| What needs to be done |
Repeat every record word for word and omit the images.

** Data records follows **

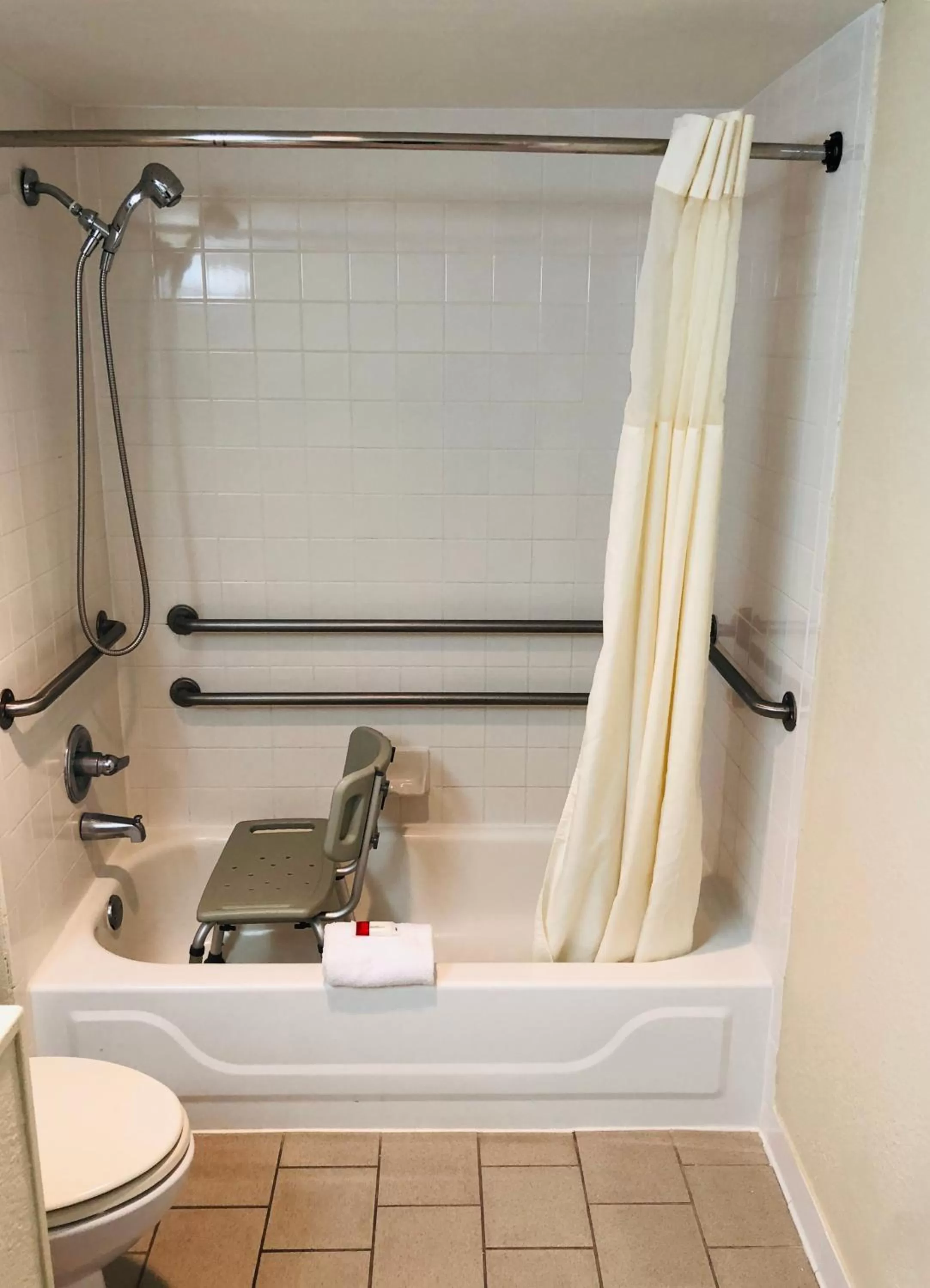 King Room - Mobility Access/Non-Smoking in Super 8 by Wyndham Gulfport Airport NW Near Biloxi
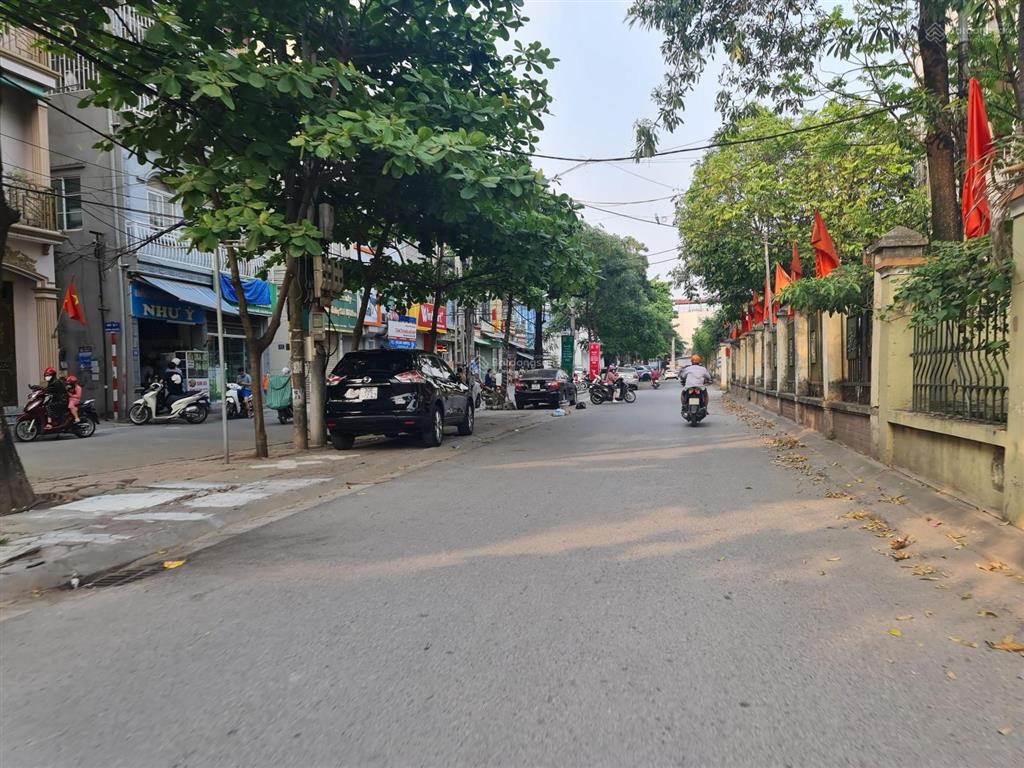 8.16 tỷ. chia lô xây ccmn. ô đất 65m2, mặt tiền 6m. lô góc, đường 3m, ngọa long minh khai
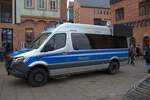 Polizei Frankfurt Mercedes Benz Sprinter Lautsprecherwagen mit LED Anzeige am 15.02.25 in der Innenstadt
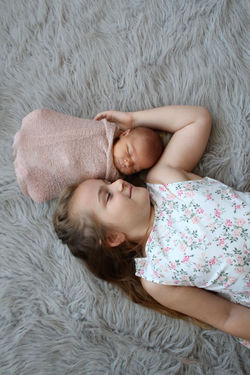 Niagara falls baby portraits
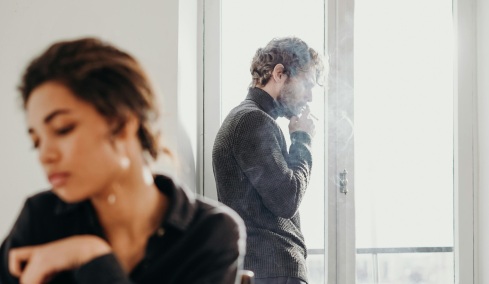 Ποιος είναι ο ρόλος του «Burned‑Out Pursuer» και γιατί μπορεί να οδηγήσει στο τέλος μίας σχέσης
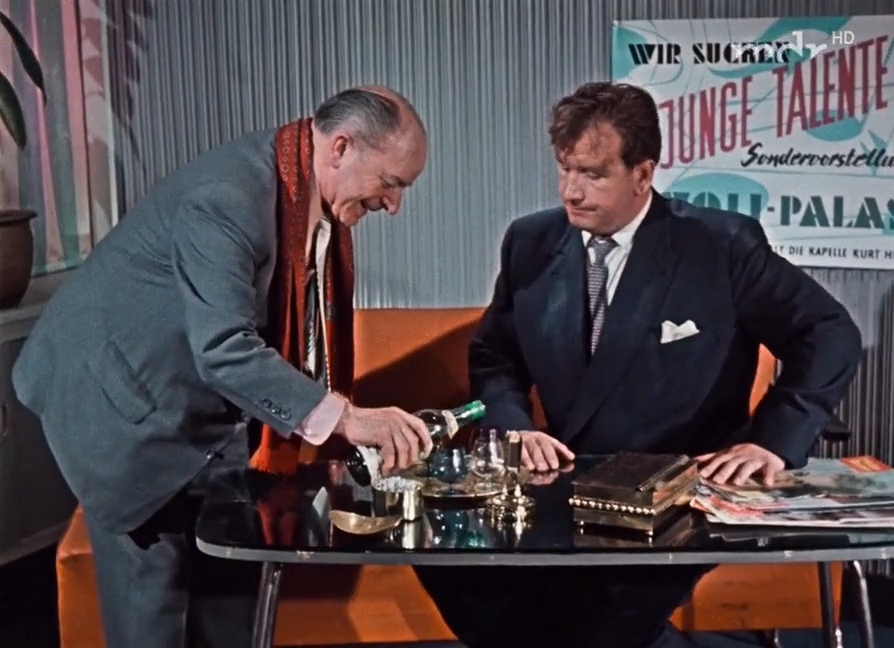 Meine Frau macht Musik (1958)_RU_DE_Grampy.mkv_snapshot_00.47.27.098.png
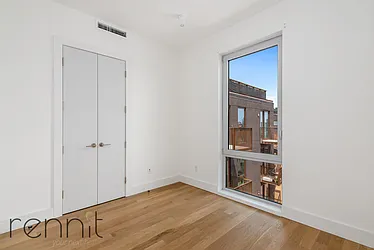 Rented by Rennit Inc.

** End of Data records **

| Exercise result |
 King Room - Mobility Access/Non-Smoking in Super 8 by Wyndham Gulfport Airport NW Near Biloxi
 8.16 tỷ. chia lô xây ccmn. ô đất 65m2, mặt tiền 6m. lô góc, đường 3m, ngọa long minh khai
 Polizei Frankfurt Mercedes Benz Sprinter Lautsprecherwagen mit LED Anzeige am 15.02.25 in der Innenstadt
 Niagara falls baby portraits
 Ποιος είναι ο ρόλος του «Burned‑Out Pursuer» και γιατί μπορεί να οδηγήσει στο τέλος μίας σχέσης
 Meine Frau macht Musik (1958)_RU_DE_Grampy.mkv_snapshot_00.47.27.098.png
 Rented by Rennit Inc.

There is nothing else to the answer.